» **Task to complete**:
Your answer must be the lines from the one containing "VINTAGE 90s PRONTO" through the last line below, copied exactly, with no pictures.

(Beginning of Collected data)

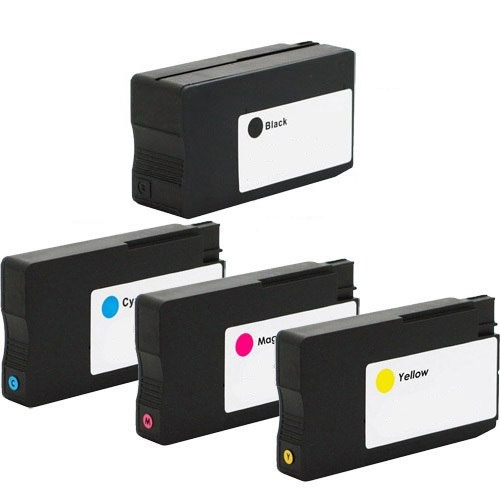 Compatible Replacement 4-Set High Yield Ink Cartridges for HP 962XL: 1 each of Black / Cyan / Magenta / Yellow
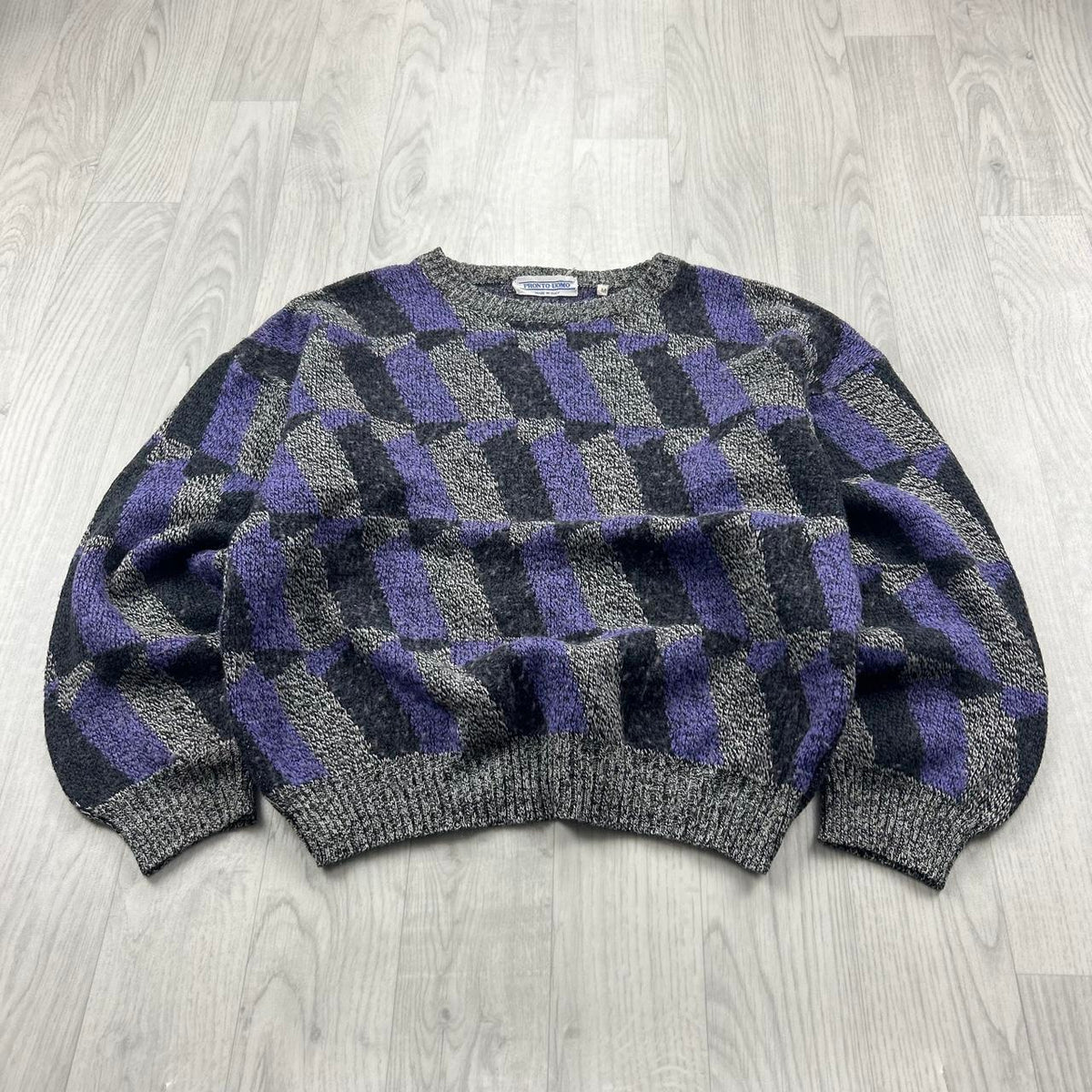 VINTAGE 90s PRONTO UOMO PATTERN KNITTED JUMPER GREY / LILAC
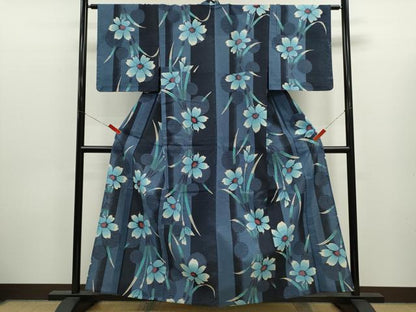 平和屋着物∴夏物　浴衣　注染　草花文　手縫い　綿　逸品　CABK6616ze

(End of Collected data)

» **Result below**:
 VINTAGE 90s PRONTO UOMO PATTERN KNITTED JUMPER GREY / LILAC
 平和屋着物∴夏物　浴衣　注染　草花文　手縫い　綿　逸品　CABK6616ze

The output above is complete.